- 1981 French 7" vinyl single cover

Single by Dalida

from the album Olympia 81
- Language: French
- B-side: "Et la vie continuera"
- Released: 1981
- Length: 3:09
- Label: Orlando International Shows
- Songwriters: Jeff Barnel, Michel Jouveaux

Dalida singles chronology
| "Fini, la comédie" (1981) | "Il pleut sur Bruxelles" (1981) | "Quand Je N'aime Plus, Je M'en Vais" (1981) |

= Il pleut sur Bruxelles =

1981 single by Dalida

"Il pleut sur Bruxelles" (It rains on Brussels) is a 1981 song by Dalida in memory of Belgian singer Jacques Brel, who died three years earlier. The song was featured on her album Olympia 81 and also released as a single, with "Et la vie continuera" as B-side.
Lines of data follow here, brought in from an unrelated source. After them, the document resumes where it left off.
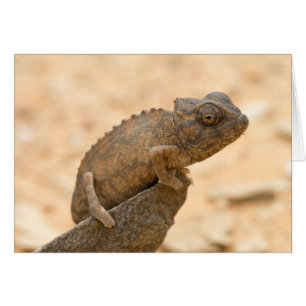 Chameleon en Namibia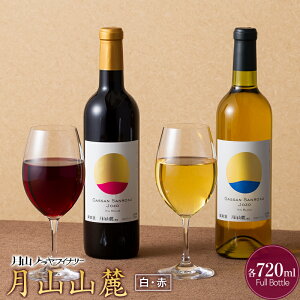 yӂ邳Ɣ[Łz yRgCi[zRR[ E ݔ׃Zbg e720ml C ԃC R` 쒬 FYN6-238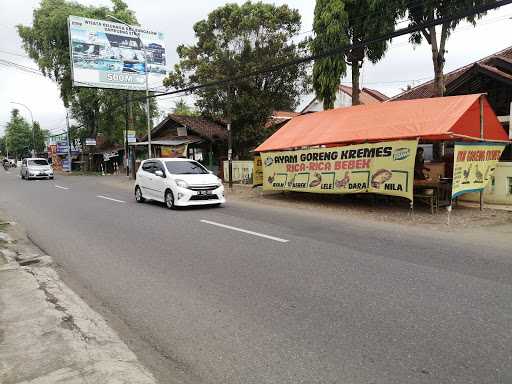 Ayam Goreng Kremes Pejagoan 4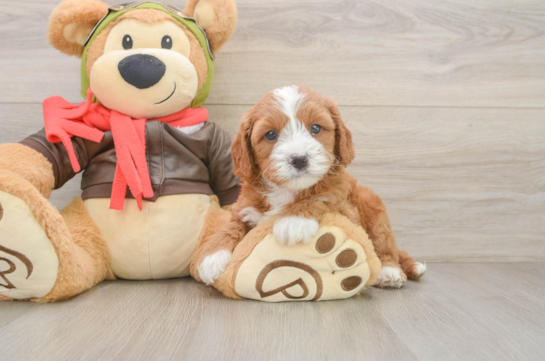 Cavapoo Pup Being Cute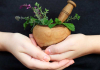 close-up-hand-holding-flower-pot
The song was written by Jeff Barnel and Michel Jouveaux.

==Lyrics==

The lyrics make reference to various characters and locations from Brel's songs, particularly "Jef", "Mathilde", "Ces Gens-Là", "Amsterdam", "Marieke", "Les Flamandes", "Vésoul", "Titine", "Madeleine", "J'Arrive", "Jojo", "La Fanette", "Fernand" and "Jacky". The song title refers to Brel's song "Bruxelles", but could also be a nod to "Il neige sur Liège" (It snows on Liège).